Na última segunda-feira (15), o mundo do futebol foi pego de surpresa com a tardia e exagerada sentença do Tribunal Arbitral do Esporte (TAS, ou CAS), que aumentou a pena de doping do atacante Paolo Guerrero de seis para 14 meses (após pedido da WADA – Agência Mundial Antidoping), decisão que deixa o atleta de 34 anos fora da Copa do Mundo.
É questionável não ter recebido maior importância por parte do tribunal o fato de que o peruano não teve a intenção de melhorar seu desempenho ao usar a substância pela qual foi condenado. A cocaína, ou o seu metabólito benzoilecgonina, só gera aumento de performance se consumida poucos minutos antes de uma atividade física. Caso contrário, é extremamente prejudicial.
Além disso, atletas flagrados após o consumo de cocaína refinada costumam apresentar uma concentração maior que 500 mg da substância por mililitro de urina, quantidade dez vezes maior do que a que havia na amostra do jogador peruano.
Por esta razão, em novembro, a Fifa aceitou como prova a justificativa de que a contaminação se deu pelo uso de um chá de coca, que teria sido consumido em um hotel em que a seleção peruana esteve hospedada, e decidiu que Guerrero deveria ficar seis meses afastado dos gramados. Vale lembrar que o primeiro julgamento da entidade havia determinado que o jogador fosse punido por um ano, que é a pena mínima determinada por seu regulamento.
Doping “de verdade”
Um aspecto a ser questionado é o histórico do tribunal em relação ao uso de substâncias que trazem, de fato, ganho esportivo.
Em 2011, TRÊS (!) nadadores brasileiros (entre eles, o recordista mundial César Cielo) testaram positivo para a furosemida, substância que ocasiona perda de peso e pode ser utilizada para mascarar o uso de anabolizantes. O caso foi levado ao Tribunal Arbitral do Esporte pela FINA (Federação Internacional de Natação), mas os três receberam apenas uma advertência.

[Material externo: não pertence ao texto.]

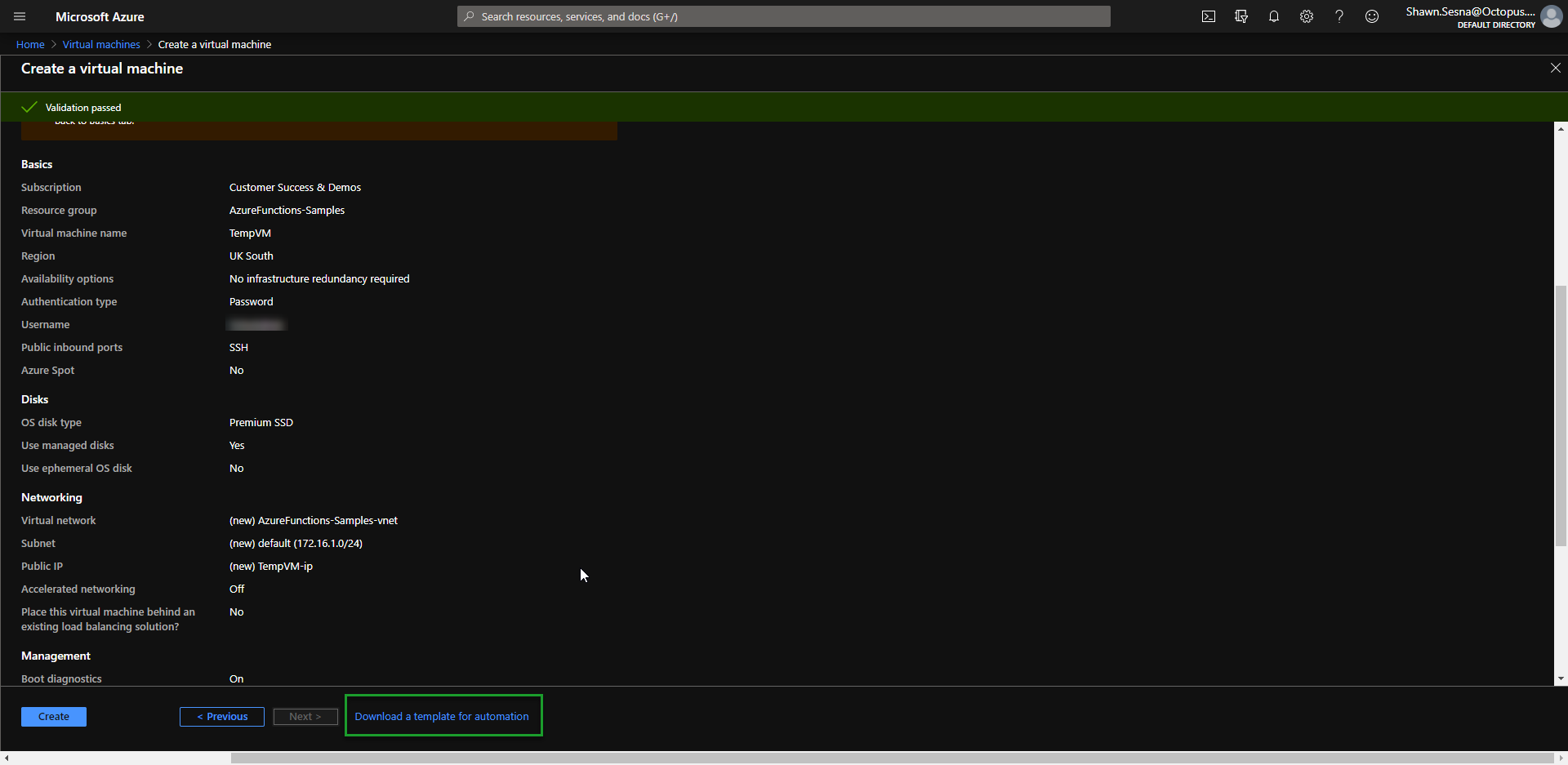 Azure arm template export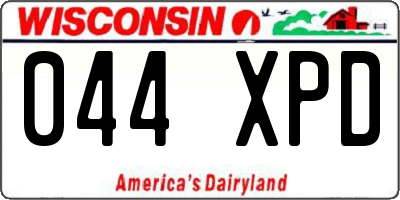 WI license plate 044XPD
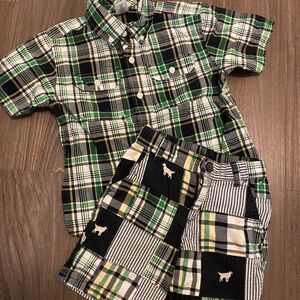 Gymboree prepstar pup size 3 shirt and shorts
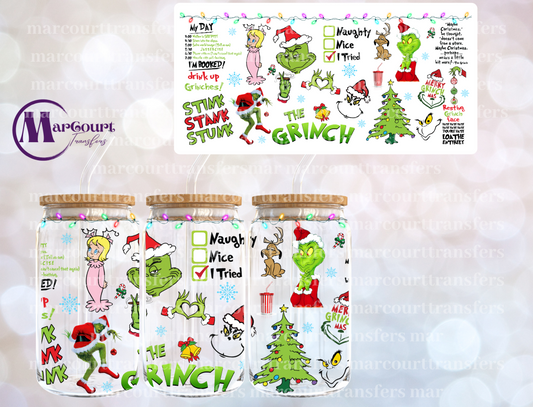 THE GRINCH-16 0Z-UV DTF CUP WRAP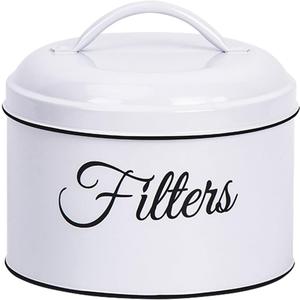 MYSENLAN Coffee Filter Holder, Basket Coffee Filter Holder Storage with Lid, Rustic Round Metal Coffee Filter Dispenser for Counter Kitchen Coffee Bar Décor (White)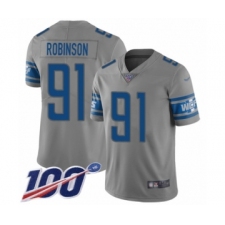 Youth Detroit Lions #91 A'Shawn Robinson Limited Gray Inverted Legend 100th Season Football Jersey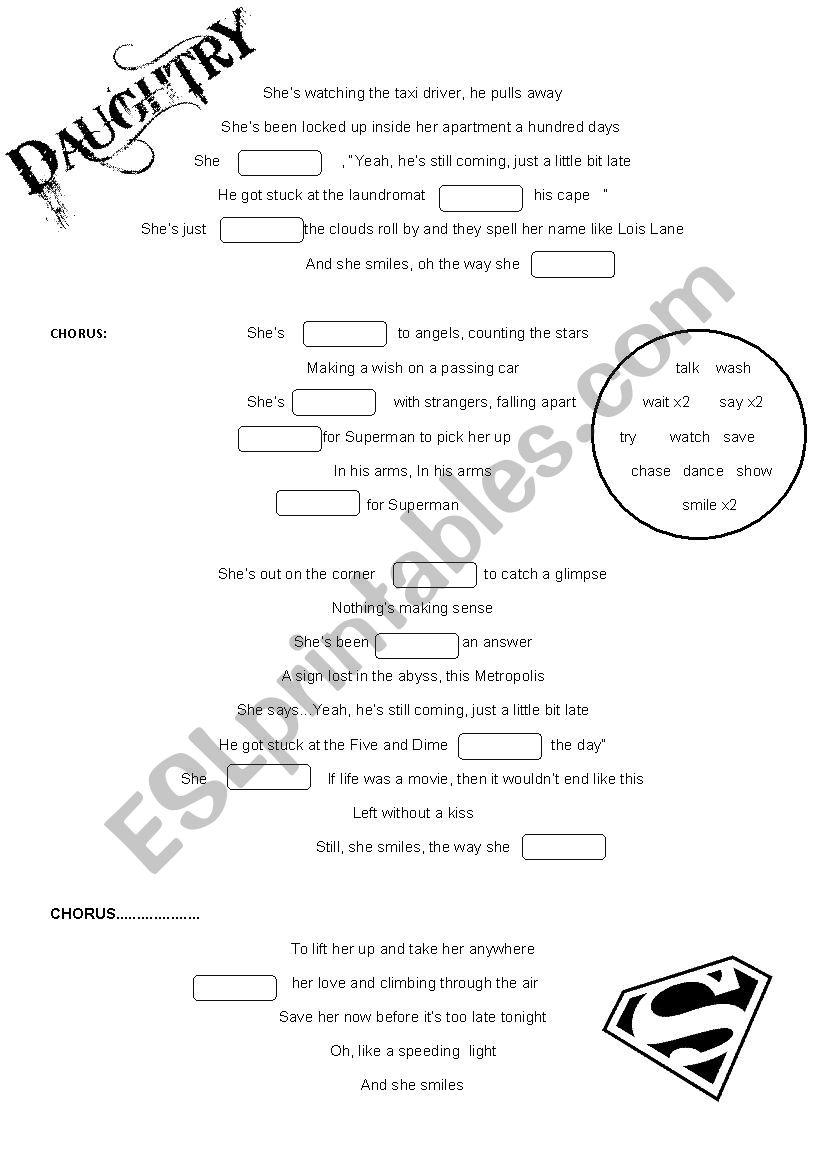 Waiting for superman- song gap filling exercise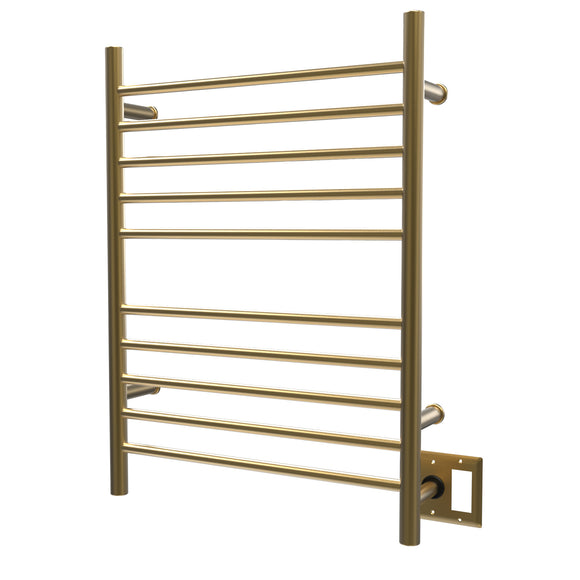 Amba RWH-SSB Radiant Hardwired + Plug-in Combo Straight 10 Bar Towel Warmer in Satin Brass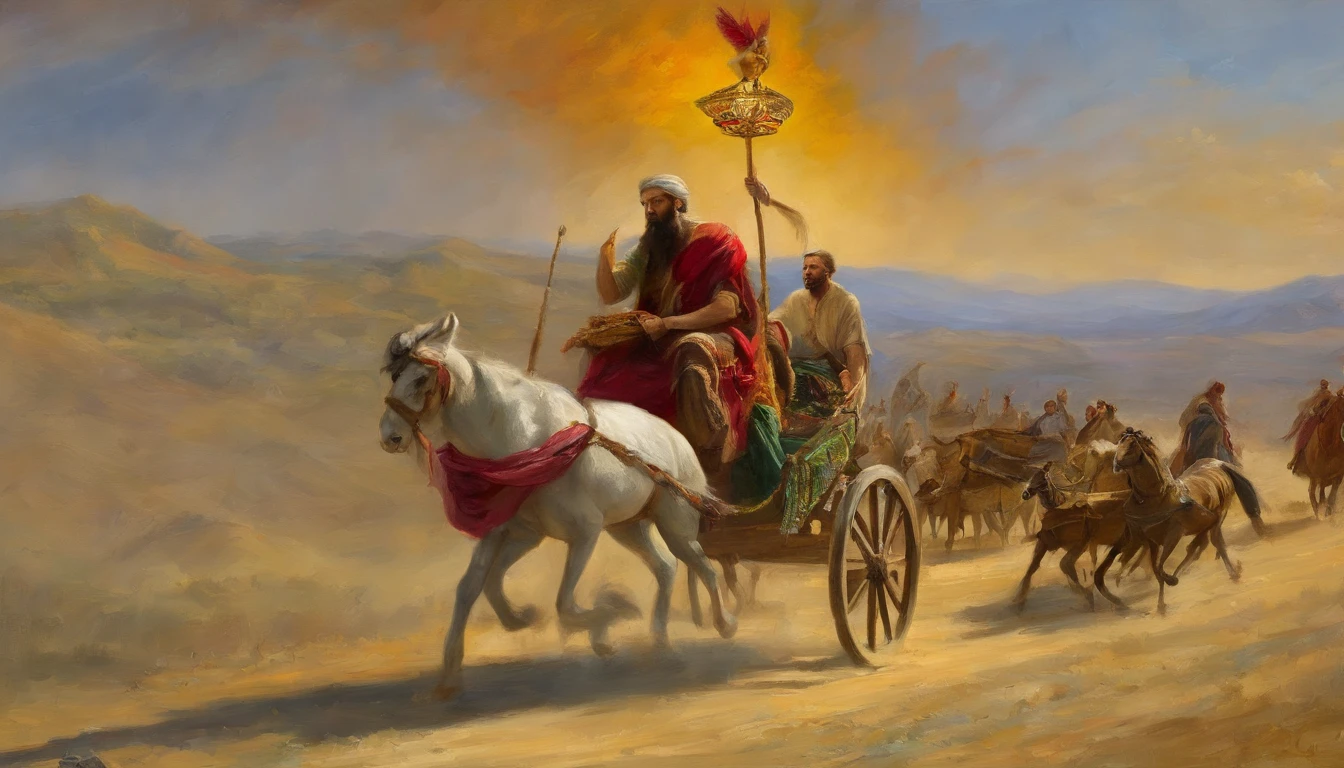 A painting of the prophet Elijah riding a chariot in the sky, carruagem, Carruagem em chamas, chariot Epic Biblical depiction, Directed by: Cheng Zhengkui, epic oil painting, Directed by: Konrad Klapheck, the wise man is riding on top, Directed by: Shen Che-Tsai, Rob Rey, Hora do Pai, Directed by: Grzegorz Domaradzki, Directed by: Laszlo Balogh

Um ano antes, a ex-ginasta Daiane dos Santos também foi flagrada no doping por furosemida. Ela recebeu uma punição de cinco meses e pôde participar dos Jogos Olímpicos de 2012 (o que não seria possível se a punição tivesse sido de seis meses). A WADA, na ocasião, aceitou a decisão da FIG (Federação Internacional de Ginástica) e escolheu não levar o caso ao TAS.
Uma outra sentença feita pelo TAS que ajuda a dar uma melhor dimensão sobre o exagero na punição de Paolo Guerrero é o banimento do ex-presidente da UEFA, Michel Platini. Em 2016, o órgão decidiu manter a sentença determinada pela Fifa ao ex-dirigente, que foi condenado por ter recebido pagamentos ilegais (1,8 milhão de euros) da entidade durante a gestão Blatter. Por quanto tempo? 48 meses, período que representa pouco mais de três vezes o que o atleta terá que cumprir. Veja bem: 1,8 milhão de euros!
Dois pesos, duas medidas
Comparando com casos envolvendo outros jogadores de futebol, em 2002, o goleiro Mark Bosnich, que na época atuava pelo Chelsea, foi suspenso por nove meses após o uso de cocaína. Um ano depois, o romeno Adrian Mutu, também dos Blues, foi punido por sete meses pelo uso da mesma substância. Já em 2010, Jóbson, ex-atacante do Botafogo, recebeu uma punição de dois anos por uso de crack, que posteriormente foi reduzida para seis meses.
Diferentemente de Guerrero, eles consumiram cocaína refinada (ou drogas similares), mas receberam punições mais brandas que a do atacante. Além disso, a WADA (Agência Mundial Antidoping) também escolheu não protocolar nenhum pedido no TAS para que esses atletas tivessem suas penas ampliadas.
Por fim, outra objeção a ser feita em relação à decisão do TAS é a falta de celeridade no processo. Por que decretar a sentença justamente quando o atleta havia acabado de cumprir a punição que lhe havia sido determinada anteriormente?
É de conhecimento geral que um dos principais pilares da justiça é o princípio da isonomia, a ideia de que todos devem ser tratados da mesma forma perante as leis. O TAS, porém, e principalmente a WADA, parecem não levar esse conceito muito a sério.